[Data entries]

○ ○ ○ ○ ○

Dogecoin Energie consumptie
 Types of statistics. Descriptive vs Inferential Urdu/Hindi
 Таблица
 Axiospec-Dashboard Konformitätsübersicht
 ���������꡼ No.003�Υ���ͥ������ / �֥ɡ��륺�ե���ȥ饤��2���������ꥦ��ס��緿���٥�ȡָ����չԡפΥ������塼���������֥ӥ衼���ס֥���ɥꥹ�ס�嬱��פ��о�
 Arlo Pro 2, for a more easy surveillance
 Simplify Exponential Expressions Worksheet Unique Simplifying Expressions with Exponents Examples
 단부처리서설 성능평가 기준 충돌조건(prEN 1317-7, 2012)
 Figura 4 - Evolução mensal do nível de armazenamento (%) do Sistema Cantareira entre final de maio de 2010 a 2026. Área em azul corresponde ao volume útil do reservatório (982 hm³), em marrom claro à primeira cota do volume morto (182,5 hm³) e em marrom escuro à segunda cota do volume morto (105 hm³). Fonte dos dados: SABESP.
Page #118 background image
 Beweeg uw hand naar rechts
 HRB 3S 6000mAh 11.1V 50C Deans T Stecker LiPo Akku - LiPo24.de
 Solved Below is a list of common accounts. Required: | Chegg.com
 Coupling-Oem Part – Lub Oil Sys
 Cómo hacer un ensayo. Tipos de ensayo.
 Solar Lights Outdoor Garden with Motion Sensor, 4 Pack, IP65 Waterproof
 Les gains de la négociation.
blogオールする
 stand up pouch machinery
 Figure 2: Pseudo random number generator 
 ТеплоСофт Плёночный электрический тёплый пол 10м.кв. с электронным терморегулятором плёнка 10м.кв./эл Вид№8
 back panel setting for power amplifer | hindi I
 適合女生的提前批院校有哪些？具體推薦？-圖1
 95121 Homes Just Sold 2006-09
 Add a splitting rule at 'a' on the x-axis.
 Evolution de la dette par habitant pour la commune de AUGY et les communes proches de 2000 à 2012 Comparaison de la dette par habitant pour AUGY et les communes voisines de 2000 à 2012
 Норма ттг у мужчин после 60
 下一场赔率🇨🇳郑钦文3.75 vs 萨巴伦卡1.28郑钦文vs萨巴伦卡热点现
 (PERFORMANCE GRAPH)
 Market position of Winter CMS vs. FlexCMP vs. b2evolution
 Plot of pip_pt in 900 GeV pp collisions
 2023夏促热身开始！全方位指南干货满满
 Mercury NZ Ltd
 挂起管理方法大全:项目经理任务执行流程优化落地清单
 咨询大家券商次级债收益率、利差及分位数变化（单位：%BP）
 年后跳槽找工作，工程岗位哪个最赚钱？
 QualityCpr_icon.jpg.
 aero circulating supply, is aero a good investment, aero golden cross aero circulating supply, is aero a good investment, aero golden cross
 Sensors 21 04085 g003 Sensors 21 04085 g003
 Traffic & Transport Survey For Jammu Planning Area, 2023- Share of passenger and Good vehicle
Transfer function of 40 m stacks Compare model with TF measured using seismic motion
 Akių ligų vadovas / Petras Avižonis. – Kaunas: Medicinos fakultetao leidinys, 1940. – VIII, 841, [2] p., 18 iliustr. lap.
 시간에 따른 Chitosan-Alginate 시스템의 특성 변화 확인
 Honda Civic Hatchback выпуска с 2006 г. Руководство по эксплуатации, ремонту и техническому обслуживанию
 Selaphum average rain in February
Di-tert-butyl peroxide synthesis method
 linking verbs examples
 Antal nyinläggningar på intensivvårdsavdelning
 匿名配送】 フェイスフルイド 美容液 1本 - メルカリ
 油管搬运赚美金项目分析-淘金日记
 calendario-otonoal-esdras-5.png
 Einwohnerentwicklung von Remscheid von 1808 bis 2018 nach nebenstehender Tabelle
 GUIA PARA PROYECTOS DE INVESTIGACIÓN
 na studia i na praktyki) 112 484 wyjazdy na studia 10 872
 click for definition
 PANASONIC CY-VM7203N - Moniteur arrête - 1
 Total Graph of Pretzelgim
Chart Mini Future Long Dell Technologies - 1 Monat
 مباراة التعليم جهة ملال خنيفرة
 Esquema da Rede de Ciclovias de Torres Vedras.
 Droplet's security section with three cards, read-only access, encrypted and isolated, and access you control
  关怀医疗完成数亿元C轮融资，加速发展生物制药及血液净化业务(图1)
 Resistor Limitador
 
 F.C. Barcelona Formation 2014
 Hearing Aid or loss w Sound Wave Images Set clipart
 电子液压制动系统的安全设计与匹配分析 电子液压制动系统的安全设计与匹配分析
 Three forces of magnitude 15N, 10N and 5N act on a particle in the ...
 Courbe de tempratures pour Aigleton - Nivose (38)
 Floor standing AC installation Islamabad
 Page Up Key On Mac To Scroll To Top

○ ○ ○ ○ ○

Task to carry out »
Each record must be repeated exactly as it is.

Task response »
Dogecoin Energie consumptie
 Types of statistics. Descriptive vs Inferential Urdu/Hindi
 Таблица
 Axiospec-Dashboard Konformitätsübersicht
 ���������꡼ No.003�Υ���ͥ������ / �֥ɡ��륺�ե���ȥ饤��2���������ꥦ��ס��緿���٥�ȡָ����չԡפΥ������塼���������֥ӥ衼���ס֥���ɥꥹ�ס�嬱��פ��о�
 Arlo Pro 2, for a more easy surveillance
 Simplify Exponential Expressions Worksheet Unique Simplifying Expressions with Exponents Examples
 단부처리서설 성능평가 기준 충돌조건(prEN 1317-7, 2012)
 Figura 4 - Evolução mensal do nível de armazenamento (%) do Sistema Cantareira entre final de maio de 2010 a 2026. Área em azul corresponde ao volume útil do reservatório (982 hm³), em marrom claro à primeira cota do volume morto (182,5 hm³) e em marrom escuro à segunda cota do volume morto (105 hm³). Fonte dos dados: SABESP.
Page #118 background image
 Beweeg uw hand naar rechts
 HRB 3S 6000mAh 11.1V 50C Deans T Stecker LiPo Akku - LiPo24.de
 Solved Below is a list of common accounts. Required: | Chegg.com
 Coupling-Oem Part – Lub Oil Sys
 Cómo hacer un ensayo. Tipos de ensayo.
 Solar Lights Outdoor Garden with Motion Sensor, 4 Pack, IP65 Waterproof
 Les gains de la négociation.
blogオールする
 stand up pouch machinery
 Figure 2: Pseudo random number generator 
 ТеплоСофт Плёночный электрический тёплый пол 10м.кв. с электронным терморегулятором плёнка 10м.кв./эл Вид№8
 back panel setting for power amplifer | hindi I
 適合女生的提前批院校有哪些？具體推薦？-圖1
 95121 Homes Just Sold 2006-09
 Add a splitting rule at 'a' on the x-axis.
 Evolution de la dette par habitant pour la commune de AUGY et les communes proches de 2000 à 2012 Comparaison de la dette par habitant pour AUGY et les communes voisines de 2000 à 2012
 Норма ттг у мужчин после 60
 下一场赔率🇨🇳郑钦文3.75 vs 萨巴伦卡1.28郑钦文vs萨巴伦卡热点现
 (PERFORMANCE GRAPH)
 Market position of Winter CMS vs. FlexCMP vs. b2evolution
 Plot of pip_pt in 900 GeV pp collisions
 2023夏促热身开始！全方位指南干货满满
 Mercury NZ Ltd
 挂起管理方法大全:项目经理任务执行流程优化落地清单
 咨询大家券商次级债收益率、利差及分位数变化（单位：%BP）
 年后跳槽找工作，工程岗位哪个最赚钱？
 QualityCpr_icon.jpg.
 aero circulating supply, is aero a good investment, aero golden cross aero circulating supply, is aero a good investment, aero golden cross
 Sensors 21 04085 g003 Sensors 21 04085 g003
 Traffic & Transport Survey For Jammu Planning Area, 2023- Share of passenger and Good vehicle
Transfer function of 40 m stacks Compare model with TF measured using seismic motion
 Akių ligų vadovas / Petras Avižonis. – Kaunas: Medicinos fakultetao leidinys, 1940. – VIII, 841, [2] p., 18 iliustr. lap.
 시간에 따른 Chitosan-Alginate 시스템의 특성 변화 확인
 Honda Civic Hatchback выпуска с 2006 г. Руководство по эксплуатации, ремонту и техническому обслуживанию
 Selaphum average rain in February
Di-tert-butyl peroxide synthesis method
 linking verbs examples
 Antal nyinläggningar på intensivvårdsavdelning
 匿名配送】 フェイスフルイド 美容液 1本 - メルカリ
 油管搬运赚美金项目分析-淘金日记
 calendario-otonoal-esdras-5.png
 Einwohnerentwicklung von Remscheid von 1808 bis 2018 nach nebenstehender Tabelle
 GUIA PARA PROYECTOS DE INVESTIGACIÓN
 na studia i na praktyki) 112 484 wyjazdy na studia 10 872
 click for definition
 PANASONIC CY-VM7203N - Moniteur arrête - 1
 Total Graph of Pretzelgim
Chart Mini Future Long Dell Technologies - 1 Monat
 مباراة التعليم جهة ملال خنيفرة
 Esquema da Rede de Ciclovias de Torres Vedras.
 Droplet's security section with three cards, read-only access, encrypted and isolated, and access you control
  关怀医疗完成数亿元C轮融资，加速发展生物制药及血液净化业务(图1)
 Resistor Limitador
 
 F.C. Barcelona Formation 2014
 Hearing Aid or loss w Sound Wave Images Set clipart
 电子液压制动系统的安全设计与匹配分析 电子液压制动系统的安全设计与匹配分析
 Three forces of magnitude 15N, 10N and 5N act on a particle in the ...
 Courbe de tempratures pour Aigleton - Nivose (38)
 Floor standing AC installation Islamabad
 Page Up Key On Mac To Scroll To Top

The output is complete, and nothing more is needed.